1984 senesi Tarabya oteli…. 32 sene evvel…
Türkiye Gazetesi çocuk dergisi bir panel hazırlamış… Kalabalık dinleyici kitlesi var. Seçkin misafirler var. İstanbul’un idarecileri yanında ayrıca bakanlar ve milletvekilleri de var.
İkindi namazı vakti daralmağa başladı, bazıları namaza gidiyor, benim gözüm ise Enver abiyi takip ediyor. Nasıl olsa Enver abim de namaza çıkacak, onunla çıkarım diye düşünüyorum. Enver abiler de, herkes kılıp gelsin, kendileri çıkarken dikkat çekmesin diye geciktiriyorlar. Enver abiler bir ara acele ile dışarı çıktılar, ben de hemen koştum fakat herkes benim gibi düşünmüş, herkes birden çıkdı, salonda pek kimse kalmayıverdi.
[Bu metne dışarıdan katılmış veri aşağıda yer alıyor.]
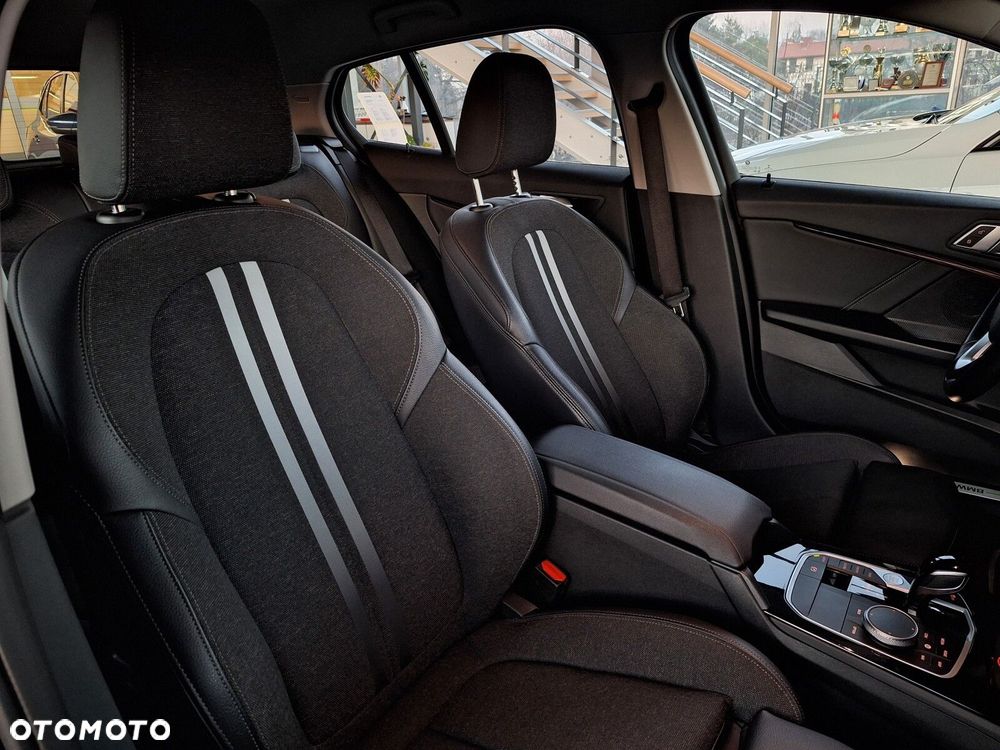 BMW Seria 1 118i Sport Line - 21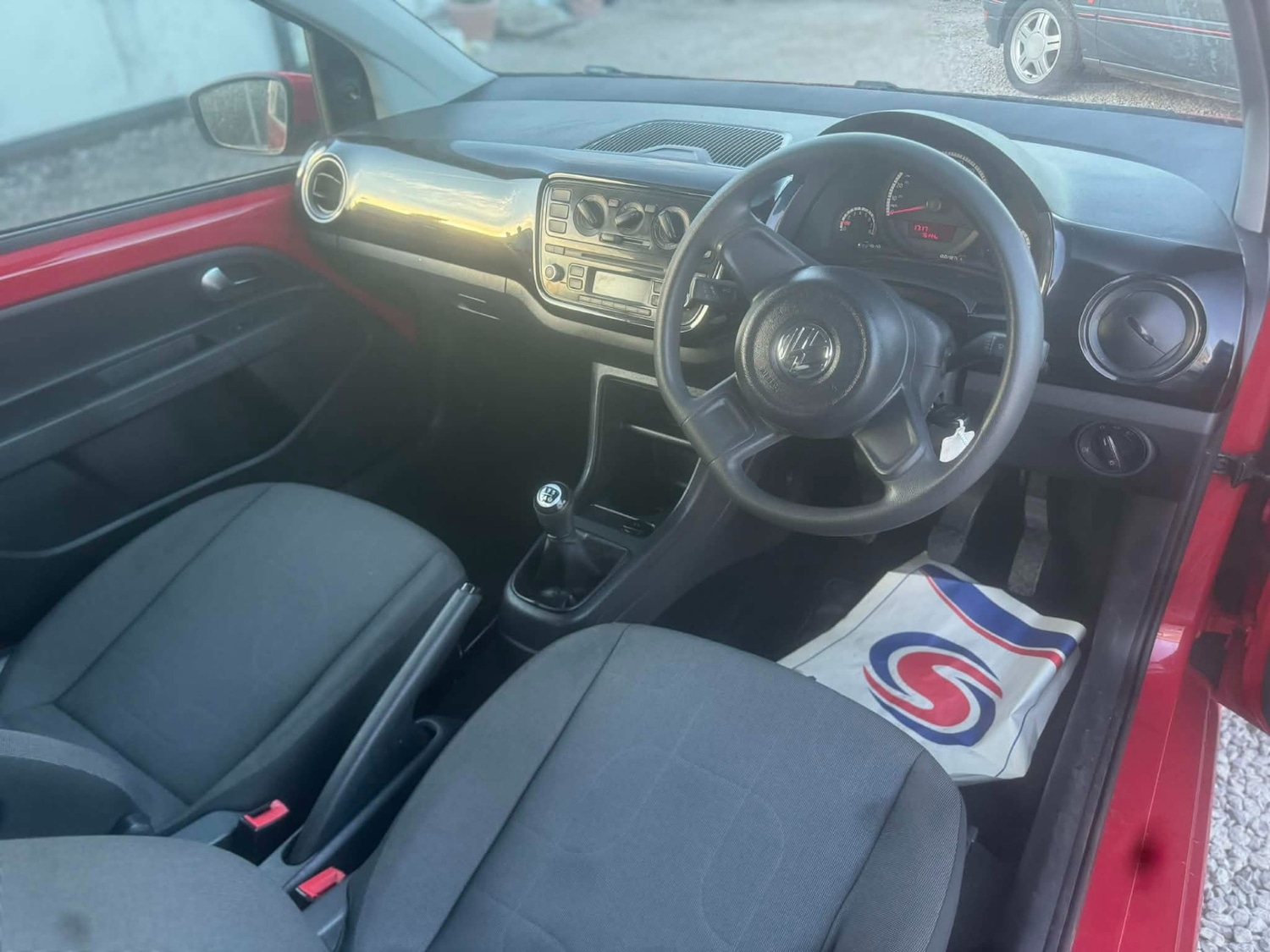 Used Volkswagen up! 2014 for sale - 77921466: Photo 11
Büyük bir salonda namaz için yerlere çarşaflar serilmiş, Enver abilerle birlikte yüzlerce abi de orada namaza başlamak üzereler. Kapıyı bazıları tutmuş, kimse girmesin diyor ve içeri sokmuyorlardı. Zorla dahi olsa girmeyi başardım. Girer girmez, Enver abilerle gözgöze geldik. Ellerini kulaklarına kaldırmışlar, iftitah tekbiri almak üzereler ve bana bakıyorlar…. Sen de mi girdin, bu kadar kalabalık var girmeseydin diyecekler zannettim, hemen sütunun arkasına saklanmak istedim. Baktım ki Enver abim hızla benim yanıma geliyor, beni yakaladı ve cemaatin en önüne geçirip, “hemen imam ol, namazı kıldır” buyurdular.
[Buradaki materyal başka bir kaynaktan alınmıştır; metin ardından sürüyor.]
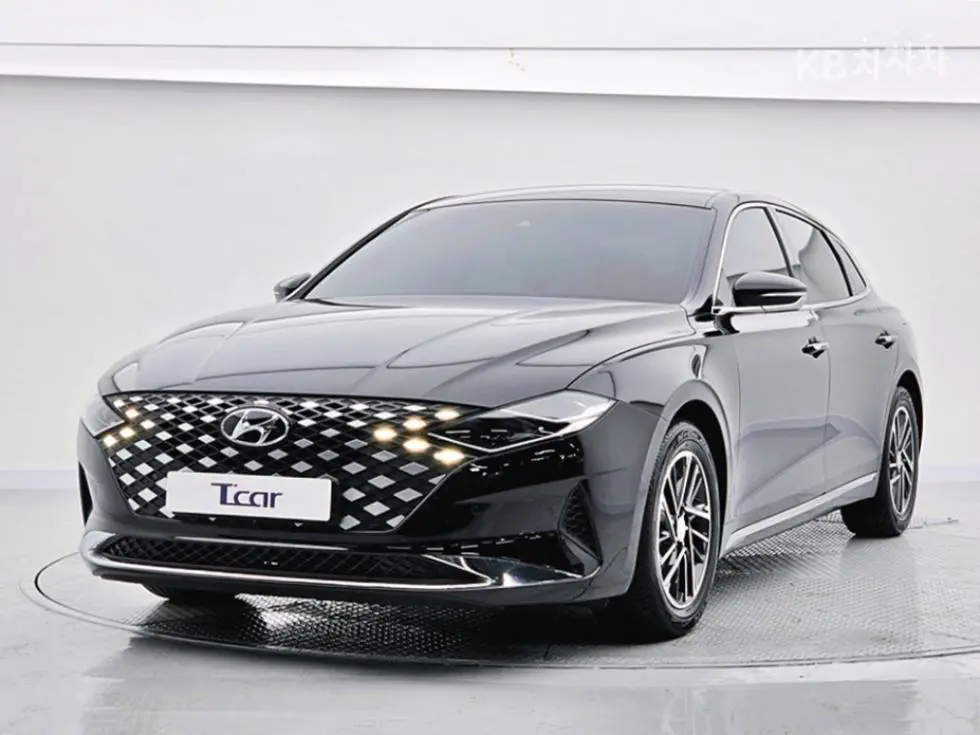 Hyundai The New Grandeur 2.5 Premium - Image 1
Şaşkın vaziyetde orada namaz kıldırdım, hemen arkada Enver abim vardı, bir de baktım beşyüz kişiden fazla cemaat var. Enver abiler namazdan sonra hızla yerlerine gittiler. Tarabya oteli civarından geçerken bu hatırayı her zaman yâd ediyorum, bu otelde imamlık yaptığımı hatırlıyorum. Allahü teala şefaatlerine nail eylesin inşallah.